Tuesday, February 26, 2008

My sense of the conscious contact with a Higher Power described in Step Eleven has changed over time. Sometimes my contact seems to come from a place many call intuition, with which I make choices based on a strong feeling or hunch. Sometimes my contact comes from a source that doesn't necessarily feel rational, explainable, or contained by thoughts and words. Many times the seemingly random suggestions and answers that come to me from my Higher Power don't have an obvious source at all.
Hope for Today, p. 93, copy right 2002, Limited use with express written permission, AFG, Inc.


A few years back I wound up in therapy with the same couselor that my ex and I had gone to for marriage counseling. It was an odd experience with this woman. During the time I knew her as a marriage counselor she did some very unorthodox things. For example, after the first and only session with my husband in attendence, she called me on the telephone and told me to get out of that marriage. She had seen my husband's true colors.

Of course, I ignored the woman's advice and tried to succeed in something that was meant for failure. When I wound up in her care later when my nerves were raw and I was falling apart I wasn't sure whether she was right for me. I talked about everything except what I had come to her for. I'm pretty sure she saw through me. Her Higher Power was probably guiding her, too.

The one thing I got out of those sessions was a little more self-esteem. She encouraged me to trust my instincts, my intuition. She told me to just step out on faith and go with what my perception was telling me no matter how crazy it seemed. She also dismissed me from her services, saying that I no longer needed her.

Needless to say, my world got really crazy after that. Obstacles of every imaginable kind rose up in my path. Some came in the form of my profession, where I told the principal what she could do with my teaching job. Some came in the form of transportation falling apart. Others came in the form of people and my reaction to them.

I know now that the obstacles came because I was being pulled closer to my Higher Power. Some obstacles were of my own making because I fought what my intuition was telling me. I wasn't ready to step out in faith.

Last year that all changed. Yes, I am in therapy again with a different counselor but she helps me to keep my focus and provides some balance to my crazy world. She, too, believes that I do not need her services but I disagree.

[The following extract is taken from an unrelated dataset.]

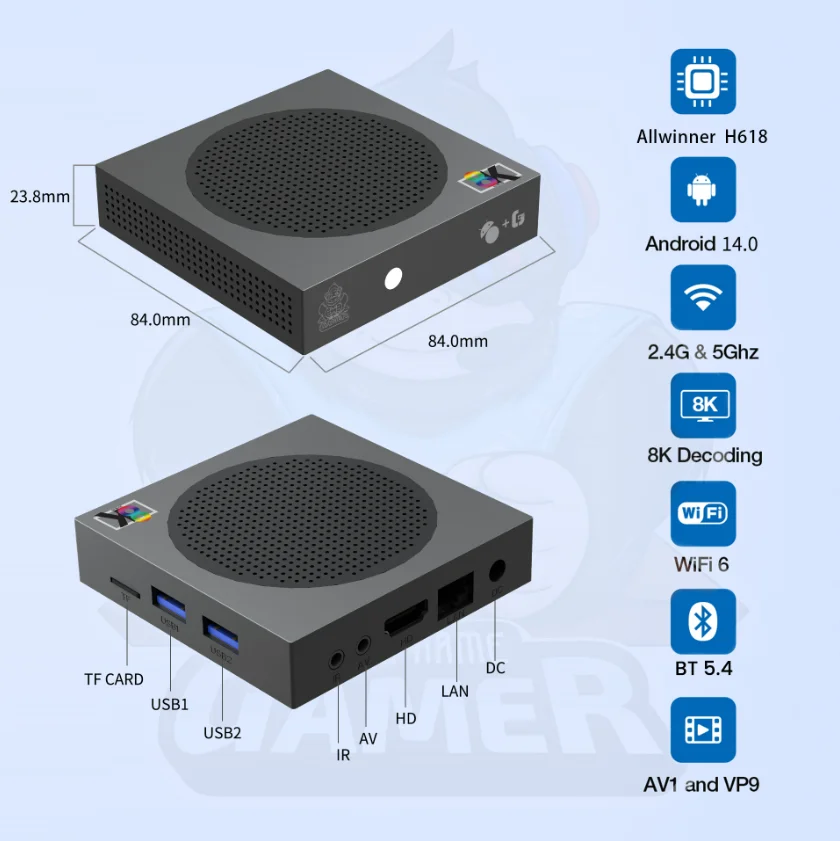 G8 Max Game TV Box 2G RAM 64G  - огляд і ціна Home Cinema Google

Just as the reading I chose today, I am sent into some bizarre places when I follow my intuition. Sometimes the things that come to me as guidance make absolutely no sense at all and I think that I'm going crazy. With a family history of mental illness I really do worry about my sanity. So, I need people to help me make sense of what my perception tells me.

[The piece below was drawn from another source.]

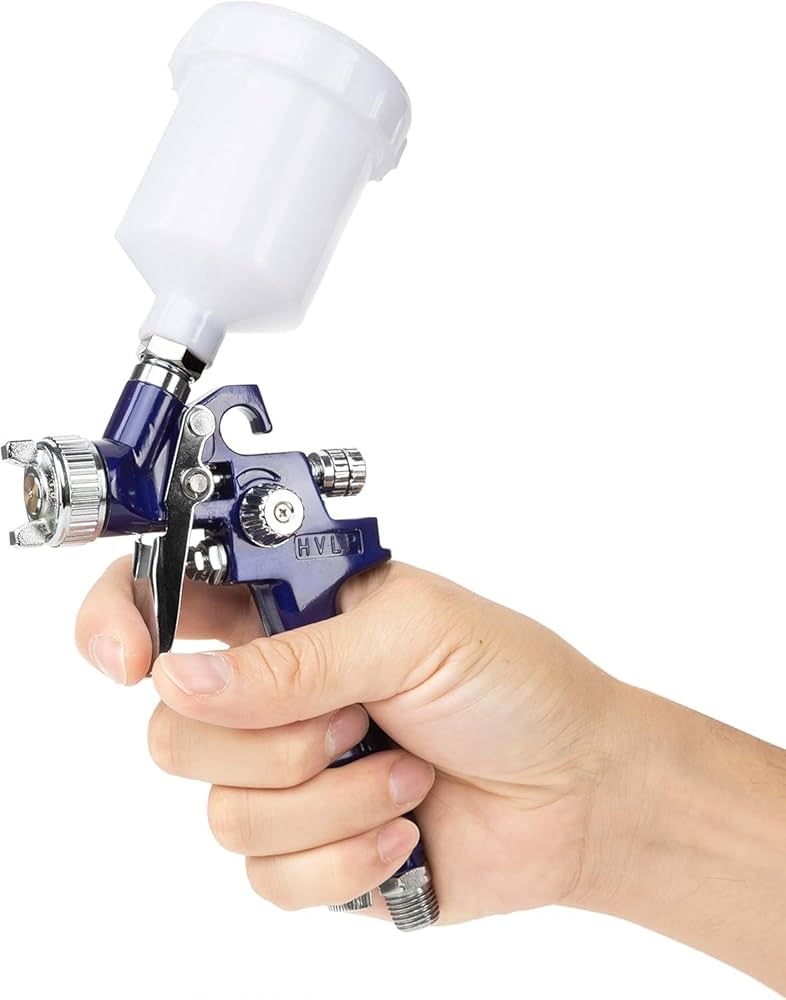 Neiko 31207A HVLP Mini Gravity Feed Air Spray Paint Gun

I read a lot. I've stumbled onto books, or been led to them, that show people who have experienced the same phenomenon that I have. I don't feel so odd any more. But I will say that it is hard not to jump in and show others the light or to steer them in a particular way because I can see that they are heading for disaster. I have to remember that they may be just as hard headed as I am. Perhaps their Higher Power intends for them to struggle a little, just as I did, so that they will be moved to ask for help.